For example, when Steve Vai has a brand-new guitar. The woods are different. He’s changed the hand grip to the new shape. And so, we get the guitar and we submit some samples. We start out with that. In that case, we started out, I believe with the original evolution pickups, and then Steve says: “I want more output, I want less output. Can you do this?” And we make a list and we just continue sending samples. And even to the point of, like, if I’m organizing a photo shoot, I like working with a stylist. So maybe two weeks before the photo shoot, if we’re in Los Angeles, I will be on the phone with the stylist and we arrange, we get together, we try the clothes on and then you say: “Yes-No”, “Yes-No”, “Yes-No”. This way, on the day of the photo shoot, we’re not trying on clothes – we’re taking pictures.

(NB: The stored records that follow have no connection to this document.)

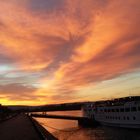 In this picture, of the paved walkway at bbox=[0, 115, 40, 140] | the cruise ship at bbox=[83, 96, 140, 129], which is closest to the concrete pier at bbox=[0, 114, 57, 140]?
the paved walkway at bbox=[0, 115, 40, 140]

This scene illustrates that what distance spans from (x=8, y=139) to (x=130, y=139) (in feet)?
A: 117

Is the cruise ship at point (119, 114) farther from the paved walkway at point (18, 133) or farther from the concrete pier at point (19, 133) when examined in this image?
the paved walkway at point (18, 133)

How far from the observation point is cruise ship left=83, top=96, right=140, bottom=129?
77.3 m

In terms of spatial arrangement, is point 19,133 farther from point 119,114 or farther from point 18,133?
point 119,114

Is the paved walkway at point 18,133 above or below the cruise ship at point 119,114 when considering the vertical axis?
below

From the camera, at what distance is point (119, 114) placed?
88.0 metres

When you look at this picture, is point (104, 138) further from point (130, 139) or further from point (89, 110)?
point (89, 110)

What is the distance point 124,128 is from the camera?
3297 inches

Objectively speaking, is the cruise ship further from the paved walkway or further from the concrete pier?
the paved walkway

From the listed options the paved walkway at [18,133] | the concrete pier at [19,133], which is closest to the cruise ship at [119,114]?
the concrete pier at [19,133]

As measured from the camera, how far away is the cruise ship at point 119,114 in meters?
77.3

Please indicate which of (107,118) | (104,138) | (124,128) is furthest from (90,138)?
(107,118)

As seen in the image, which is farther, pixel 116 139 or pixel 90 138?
pixel 90 138

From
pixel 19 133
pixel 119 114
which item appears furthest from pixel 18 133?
pixel 119 114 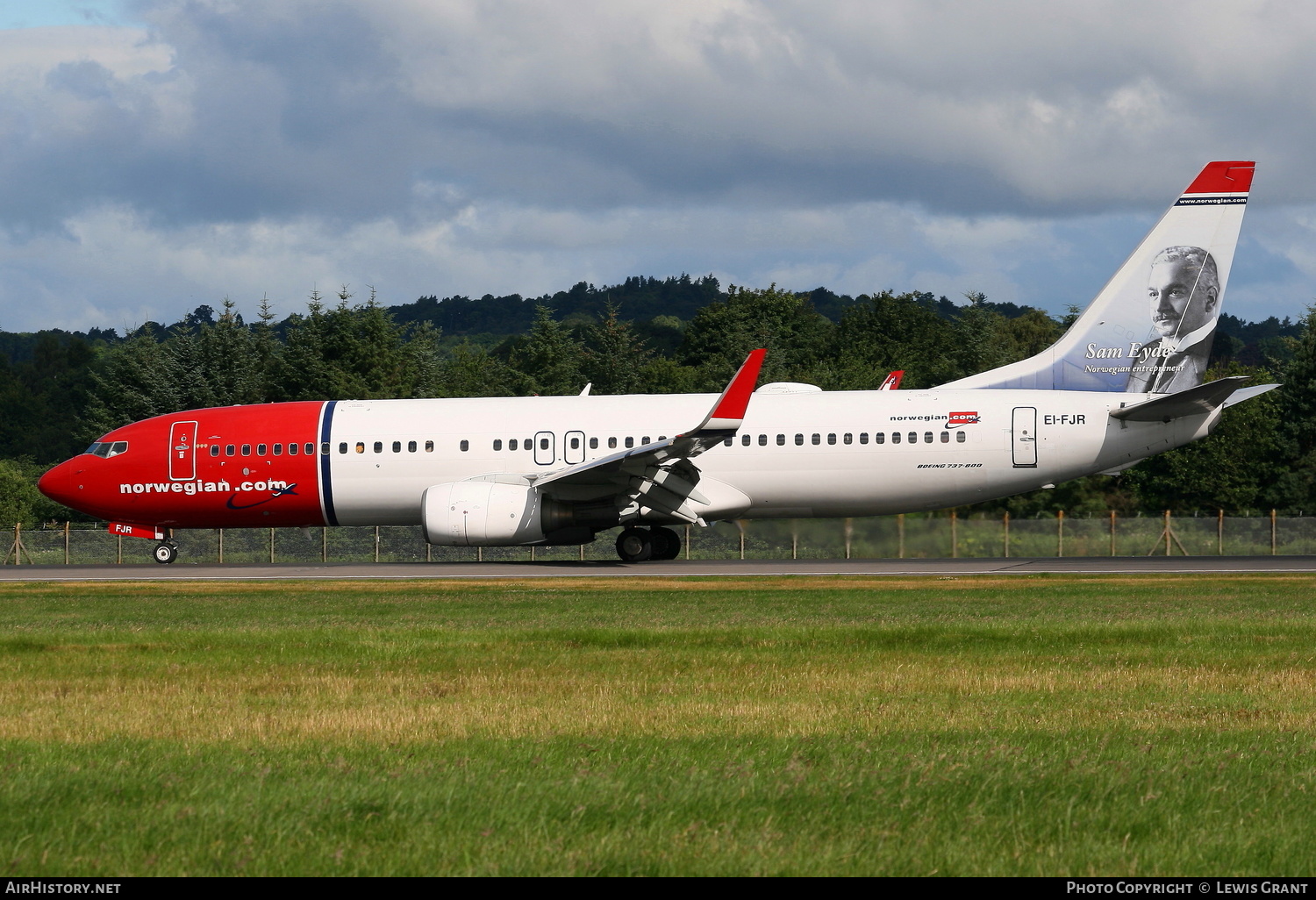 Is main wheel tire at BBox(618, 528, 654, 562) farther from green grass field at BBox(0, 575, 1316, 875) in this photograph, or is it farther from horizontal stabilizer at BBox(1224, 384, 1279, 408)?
green grass field at BBox(0, 575, 1316, 875)

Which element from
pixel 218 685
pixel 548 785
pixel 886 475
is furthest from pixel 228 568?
pixel 548 785

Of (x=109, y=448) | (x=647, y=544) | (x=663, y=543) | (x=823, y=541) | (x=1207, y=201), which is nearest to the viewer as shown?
(x=1207, y=201)

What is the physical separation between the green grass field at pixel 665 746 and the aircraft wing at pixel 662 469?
10.8 metres

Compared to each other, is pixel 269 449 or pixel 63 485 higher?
pixel 269 449

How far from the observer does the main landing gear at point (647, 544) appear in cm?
3142

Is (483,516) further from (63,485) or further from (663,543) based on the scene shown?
(63,485)

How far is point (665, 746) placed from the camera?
8266 millimetres

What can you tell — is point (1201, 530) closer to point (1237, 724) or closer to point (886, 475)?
point (886, 475)

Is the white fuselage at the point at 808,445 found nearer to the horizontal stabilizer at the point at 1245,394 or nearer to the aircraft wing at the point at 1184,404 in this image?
the aircraft wing at the point at 1184,404

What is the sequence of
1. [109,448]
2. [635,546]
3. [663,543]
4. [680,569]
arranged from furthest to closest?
[109,448] → [663,543] → [635,546] → [680,569]

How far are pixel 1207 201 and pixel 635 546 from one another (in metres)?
15.1

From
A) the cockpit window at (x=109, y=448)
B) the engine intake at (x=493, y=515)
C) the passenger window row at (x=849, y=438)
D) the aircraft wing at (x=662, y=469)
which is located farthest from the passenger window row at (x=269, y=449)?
the passenger window row at (x=849, y=438)

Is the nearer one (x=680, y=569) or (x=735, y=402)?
(x=735, y=402)

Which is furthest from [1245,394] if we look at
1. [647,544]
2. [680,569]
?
[647,544] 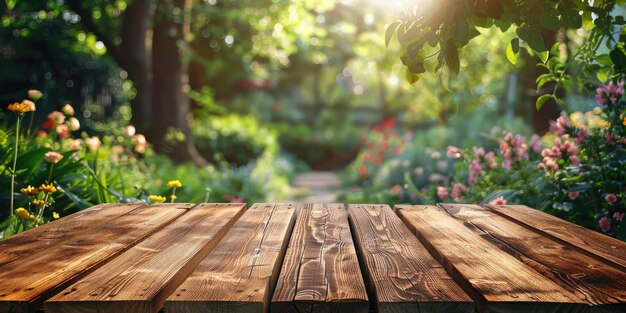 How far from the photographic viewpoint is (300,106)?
73.3ft

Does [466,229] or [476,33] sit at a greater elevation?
[476,33]

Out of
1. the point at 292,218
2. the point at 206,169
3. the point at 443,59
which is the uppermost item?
the point at 443,59

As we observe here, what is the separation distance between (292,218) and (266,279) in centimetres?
99

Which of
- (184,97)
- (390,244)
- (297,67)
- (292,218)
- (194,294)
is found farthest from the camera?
(297,67)

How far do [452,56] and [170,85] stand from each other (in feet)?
27.9

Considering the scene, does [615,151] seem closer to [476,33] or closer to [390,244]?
[476,33]

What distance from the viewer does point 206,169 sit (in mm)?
8891

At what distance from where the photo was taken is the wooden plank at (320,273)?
1.44 m

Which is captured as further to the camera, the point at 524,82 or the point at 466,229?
the point at 524,82

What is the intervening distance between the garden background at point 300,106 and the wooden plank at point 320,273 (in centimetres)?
73

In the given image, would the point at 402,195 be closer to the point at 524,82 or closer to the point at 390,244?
the point at 390,244

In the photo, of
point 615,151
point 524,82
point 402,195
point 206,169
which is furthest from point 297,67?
point 615,151

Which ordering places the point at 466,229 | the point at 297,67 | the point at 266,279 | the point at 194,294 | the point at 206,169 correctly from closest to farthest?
the point at 194,294 → the point at 266,279 → the point at 466,229 → the point at 206,169 → the point at 297,67

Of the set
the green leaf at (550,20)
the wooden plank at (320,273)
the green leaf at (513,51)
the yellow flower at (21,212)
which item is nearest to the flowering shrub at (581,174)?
the green leaf at (513,51)
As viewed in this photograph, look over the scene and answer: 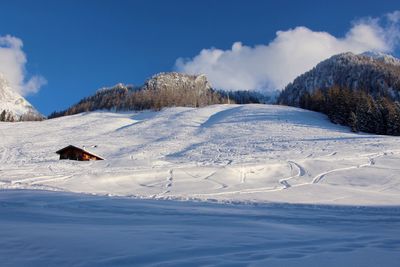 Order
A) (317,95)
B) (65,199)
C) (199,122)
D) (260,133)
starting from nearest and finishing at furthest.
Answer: (65,199) → (260,133) → (199,122) → (317,95)

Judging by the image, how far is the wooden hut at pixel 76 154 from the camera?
53.4 meters

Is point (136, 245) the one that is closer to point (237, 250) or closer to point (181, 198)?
point (237, 250)

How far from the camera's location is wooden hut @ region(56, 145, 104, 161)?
53.4 meters

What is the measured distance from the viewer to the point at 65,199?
49.3ft

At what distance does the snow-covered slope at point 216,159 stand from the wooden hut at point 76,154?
6.77ft

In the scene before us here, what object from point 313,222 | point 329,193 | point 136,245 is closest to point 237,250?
point 136,245

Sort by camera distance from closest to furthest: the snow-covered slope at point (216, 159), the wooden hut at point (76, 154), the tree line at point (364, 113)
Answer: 1. the snow-covered slope at point (216, 159)
2. the wooden hut at point (76, 154)
3. the tree line at point (364, 113)

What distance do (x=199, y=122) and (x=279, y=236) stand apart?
261ft

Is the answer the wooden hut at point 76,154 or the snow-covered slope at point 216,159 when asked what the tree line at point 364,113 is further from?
the wooden hut at point 76,154

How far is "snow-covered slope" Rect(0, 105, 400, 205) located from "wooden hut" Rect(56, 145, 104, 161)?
2.07 meters

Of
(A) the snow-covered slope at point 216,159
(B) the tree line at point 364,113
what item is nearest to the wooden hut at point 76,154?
(A) the snow-covered slope at point 216,159

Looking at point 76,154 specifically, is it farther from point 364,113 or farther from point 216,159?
point 364,113

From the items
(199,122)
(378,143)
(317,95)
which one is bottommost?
(378,143)

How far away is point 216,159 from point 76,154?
873 inches
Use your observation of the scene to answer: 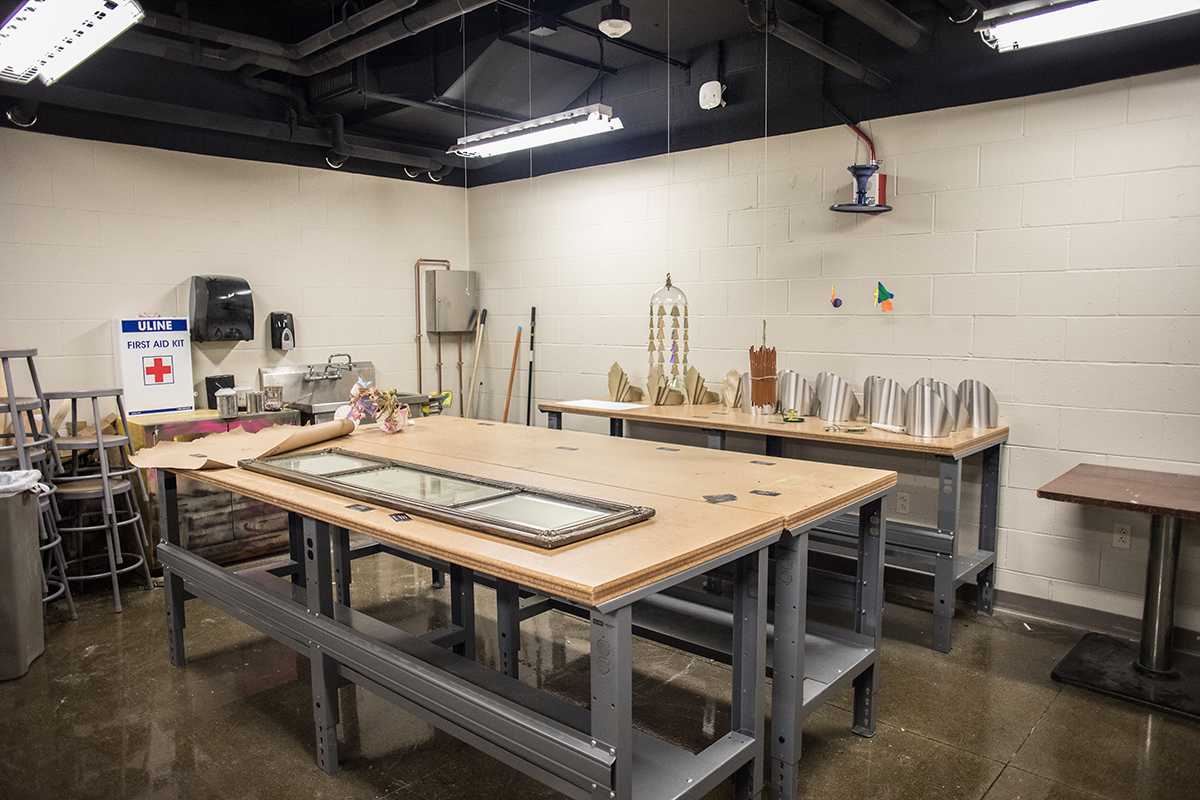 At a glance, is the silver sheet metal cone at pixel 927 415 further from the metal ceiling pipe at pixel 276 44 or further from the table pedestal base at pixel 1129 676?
the metal ceiling pipe at pixel 276 44

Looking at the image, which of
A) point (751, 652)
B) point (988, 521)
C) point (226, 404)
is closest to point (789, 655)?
point (751, 652)

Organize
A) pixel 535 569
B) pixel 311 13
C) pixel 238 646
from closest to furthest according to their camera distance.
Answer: pixel 535 569
pixel 238 646
pixel 311 13

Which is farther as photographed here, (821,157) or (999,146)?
(821,157)

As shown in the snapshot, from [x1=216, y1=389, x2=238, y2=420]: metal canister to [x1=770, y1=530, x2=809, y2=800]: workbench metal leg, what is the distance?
3572 millimetres

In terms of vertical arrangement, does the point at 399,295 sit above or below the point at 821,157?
below

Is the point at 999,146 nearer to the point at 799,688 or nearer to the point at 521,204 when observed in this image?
the point at 799,688

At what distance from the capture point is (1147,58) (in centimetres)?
320

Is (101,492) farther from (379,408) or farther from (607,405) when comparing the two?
(607,405)

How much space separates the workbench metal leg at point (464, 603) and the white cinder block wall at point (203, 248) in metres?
2.86

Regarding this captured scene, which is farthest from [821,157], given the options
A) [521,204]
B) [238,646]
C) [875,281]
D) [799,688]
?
[238,646]

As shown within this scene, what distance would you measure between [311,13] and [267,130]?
78 centimetres

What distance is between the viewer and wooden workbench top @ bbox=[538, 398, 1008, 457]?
3293 mm

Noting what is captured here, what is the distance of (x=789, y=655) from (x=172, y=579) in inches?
99.0

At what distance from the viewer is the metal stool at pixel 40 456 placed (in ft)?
11.2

So, part of my job is to eliminate all the junk, so that the artist can pay attention to what is critical and what really matters. In the case of the Hydra cover, I saw the guitar maybe three months before the photo shoot and they were still working on various aspects of the guitar. But I saw the first set of photos of the guitar, which meant I have to make sure that this guitar pops. There are so many parts of this, so I’m thinking what kind of a light do I use? You know, Steve Vai doesn’t need to be bothered with this… “Oh, Steve, what lights do you want me to use?” …No, he shouldn’t have to deal with any of this nonsense. My job is to anticipate and make sure everything is what it needs to be when we do the photos. Steve is fabulous, but in one day we did these shots [showing photos], all in one day. Then we had the Hydra. So, each time my job is just like in the situation of the sound. Here’s Eddie Van Halen at the studio. In each situation, my job is to eliminate the nonsense so that the talent can do their job and perform, so to me… I’m road crew, haha.

Thanks for showing all these Larry, it’s like a trip through the history of guitar music, and your role in this is significant. Allow me to ask about your personal opinion, you know, just as a human being, your feelings about this “butterfly effect” you’ve made with the Super Distortion.

Well, my feeling is that it’s a contribution. I work seven days a week still, I would like to work six days a week – that’s my plan for next year. And I like what I do, I like dealing with musicians, I like working, we are actually starting something new that I’ll tell you about that you may enjoy: with the demise of the record companies and promotion, the artists are responsible for promoting themselves. And one of the new things on the DiMarzio website is now videos and stories, of the artists, obviously photographs of the product, but what we’re going to do is we’re creating an independent publicity agency for DiMarzio artists. So, for example, If I do an interview with Jake Bowen for DiMarzio and I have photographs, I keep exclusivity on 20. I then give the artist everything else to use. We are then going to offer them a list of 50 worldwide magazines. They say: “I want to be interviewed by the following magazines”, we make the connection between the artist and the magazine, and we give you the photos for free. And it’s beneficial to both of us. I don’t want 150 photographs on a computer hard drive. They do me no good. They do the artists no good. It’s better to put them out in the world because my feeling is that part of my job is representing you, and this is part of the ongoing idea of the relationship that DiMarzio has with artists.

I had a nice relationship with Van Halen, the relationship broke down because of MusicMan. And Van Halen’s relationship broke down. There’s a story that I wrote, when I shot this photo of Van Halen, about what it was like. I go there, I have a whole plan. Eddie’s late, no one even told Van Halen that I was coming to do photos. Ed Leffler says shoot the show. And I said to Ed Leffler: “I have this idea; I want to take a photo of Eddie jumping in front of all the amplifiers.”  So technically I have to figure that out. The Van Halen band is going to punch me in the face if I use strobe, because there’s going to be strobe going off all the time at the front of the stage – they don’t want that. I had an experimental film, made by Kodak – Kodak 3200 – and I custom processed the film because then I could shoot the show handheld. No flash.

This was also some part of innovation, right? You didn’t have any blueprint for this kind of photo shooting.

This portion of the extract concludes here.